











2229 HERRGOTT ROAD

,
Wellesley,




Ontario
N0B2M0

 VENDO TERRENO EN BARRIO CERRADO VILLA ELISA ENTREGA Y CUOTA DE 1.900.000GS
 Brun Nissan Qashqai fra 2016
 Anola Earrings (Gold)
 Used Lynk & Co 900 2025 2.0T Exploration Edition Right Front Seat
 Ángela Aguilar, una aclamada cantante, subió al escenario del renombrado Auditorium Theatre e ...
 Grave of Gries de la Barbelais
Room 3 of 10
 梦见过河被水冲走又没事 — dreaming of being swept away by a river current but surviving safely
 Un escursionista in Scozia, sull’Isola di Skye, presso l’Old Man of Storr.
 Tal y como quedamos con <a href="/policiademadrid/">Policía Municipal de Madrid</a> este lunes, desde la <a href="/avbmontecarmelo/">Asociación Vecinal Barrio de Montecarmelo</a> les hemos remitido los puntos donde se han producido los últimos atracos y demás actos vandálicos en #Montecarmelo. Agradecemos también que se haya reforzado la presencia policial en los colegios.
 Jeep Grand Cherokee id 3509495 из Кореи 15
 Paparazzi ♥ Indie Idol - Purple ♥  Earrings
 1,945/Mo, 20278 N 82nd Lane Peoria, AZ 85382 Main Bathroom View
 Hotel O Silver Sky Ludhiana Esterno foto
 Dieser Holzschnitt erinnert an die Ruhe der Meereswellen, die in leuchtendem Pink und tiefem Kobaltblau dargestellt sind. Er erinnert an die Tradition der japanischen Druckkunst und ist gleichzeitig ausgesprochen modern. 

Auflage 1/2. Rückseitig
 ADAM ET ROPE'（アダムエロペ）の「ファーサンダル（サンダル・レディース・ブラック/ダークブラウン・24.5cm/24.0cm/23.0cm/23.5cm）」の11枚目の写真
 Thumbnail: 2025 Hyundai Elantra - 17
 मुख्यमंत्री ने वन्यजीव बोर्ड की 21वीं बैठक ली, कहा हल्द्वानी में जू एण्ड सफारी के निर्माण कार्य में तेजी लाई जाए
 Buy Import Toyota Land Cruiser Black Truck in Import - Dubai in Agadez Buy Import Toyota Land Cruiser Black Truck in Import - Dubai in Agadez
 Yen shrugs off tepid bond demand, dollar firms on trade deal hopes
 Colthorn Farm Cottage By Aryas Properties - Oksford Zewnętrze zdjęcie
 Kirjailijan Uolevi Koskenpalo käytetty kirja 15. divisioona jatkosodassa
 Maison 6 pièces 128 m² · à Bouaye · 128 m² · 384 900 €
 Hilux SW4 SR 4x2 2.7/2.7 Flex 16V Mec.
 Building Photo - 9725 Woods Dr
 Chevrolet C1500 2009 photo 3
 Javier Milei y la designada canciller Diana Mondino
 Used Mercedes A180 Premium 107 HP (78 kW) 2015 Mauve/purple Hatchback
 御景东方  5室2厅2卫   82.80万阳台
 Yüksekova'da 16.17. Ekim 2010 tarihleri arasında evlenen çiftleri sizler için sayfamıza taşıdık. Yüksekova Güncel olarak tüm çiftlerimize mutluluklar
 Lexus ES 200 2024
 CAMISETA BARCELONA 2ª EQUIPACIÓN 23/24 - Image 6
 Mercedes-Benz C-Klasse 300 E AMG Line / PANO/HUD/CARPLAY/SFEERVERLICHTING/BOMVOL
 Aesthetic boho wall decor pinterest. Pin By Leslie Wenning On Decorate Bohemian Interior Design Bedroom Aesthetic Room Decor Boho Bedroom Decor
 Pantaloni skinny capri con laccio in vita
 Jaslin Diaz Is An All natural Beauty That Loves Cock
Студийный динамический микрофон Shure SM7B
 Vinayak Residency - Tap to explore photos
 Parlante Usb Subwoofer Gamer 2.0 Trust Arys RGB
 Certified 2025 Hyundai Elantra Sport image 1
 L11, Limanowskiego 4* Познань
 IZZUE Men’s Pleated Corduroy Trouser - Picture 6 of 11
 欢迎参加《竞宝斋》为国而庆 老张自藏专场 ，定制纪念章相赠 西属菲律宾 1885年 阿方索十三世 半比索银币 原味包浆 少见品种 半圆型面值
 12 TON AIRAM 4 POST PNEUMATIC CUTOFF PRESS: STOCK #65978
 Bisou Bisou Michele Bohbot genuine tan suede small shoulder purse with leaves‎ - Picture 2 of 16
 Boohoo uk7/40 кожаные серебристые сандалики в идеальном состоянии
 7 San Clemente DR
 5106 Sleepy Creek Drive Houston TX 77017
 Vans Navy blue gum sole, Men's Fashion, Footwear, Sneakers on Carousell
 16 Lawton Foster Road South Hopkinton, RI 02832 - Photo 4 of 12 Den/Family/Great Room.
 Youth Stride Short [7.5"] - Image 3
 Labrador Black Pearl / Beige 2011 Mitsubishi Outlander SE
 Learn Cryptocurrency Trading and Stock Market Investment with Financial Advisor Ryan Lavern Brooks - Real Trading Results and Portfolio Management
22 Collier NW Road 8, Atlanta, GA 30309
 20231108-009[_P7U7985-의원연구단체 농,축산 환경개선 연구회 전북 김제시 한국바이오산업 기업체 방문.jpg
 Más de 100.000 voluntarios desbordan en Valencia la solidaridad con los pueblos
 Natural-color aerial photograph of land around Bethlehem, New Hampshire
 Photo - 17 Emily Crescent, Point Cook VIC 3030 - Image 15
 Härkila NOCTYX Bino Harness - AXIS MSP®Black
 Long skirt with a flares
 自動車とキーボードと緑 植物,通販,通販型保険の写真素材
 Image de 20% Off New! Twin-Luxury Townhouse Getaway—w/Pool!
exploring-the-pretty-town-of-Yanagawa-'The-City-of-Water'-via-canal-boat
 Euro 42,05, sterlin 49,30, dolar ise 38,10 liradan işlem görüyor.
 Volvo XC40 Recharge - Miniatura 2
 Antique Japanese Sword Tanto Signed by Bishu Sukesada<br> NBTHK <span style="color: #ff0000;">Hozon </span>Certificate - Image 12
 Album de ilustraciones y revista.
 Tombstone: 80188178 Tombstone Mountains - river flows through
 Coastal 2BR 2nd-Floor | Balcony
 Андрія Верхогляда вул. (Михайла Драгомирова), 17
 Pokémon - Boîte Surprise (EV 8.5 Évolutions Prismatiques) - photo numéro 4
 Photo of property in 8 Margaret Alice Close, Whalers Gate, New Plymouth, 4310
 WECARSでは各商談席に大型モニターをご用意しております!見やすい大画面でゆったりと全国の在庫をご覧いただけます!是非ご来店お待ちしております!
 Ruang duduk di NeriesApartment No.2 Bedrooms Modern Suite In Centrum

◆ ◆ ◆ ◆ ◆ ◆ ◆

* _Assignment_
Please copy out each line of the material that holds the string "Black".

* _Solution for this exercise_
 Buy Import Toyota Land Cruiser Black Truck in Import - Dubai in Agadez Buy Import Toyota Land Cruiser Black Truck in Import - Dubai in Agadez
 Labrador Black Pearl / Beige 2011 Mitsubishi Outlander SE
 Härkila NOCTYX Bino Harness - AXIS MSP®Black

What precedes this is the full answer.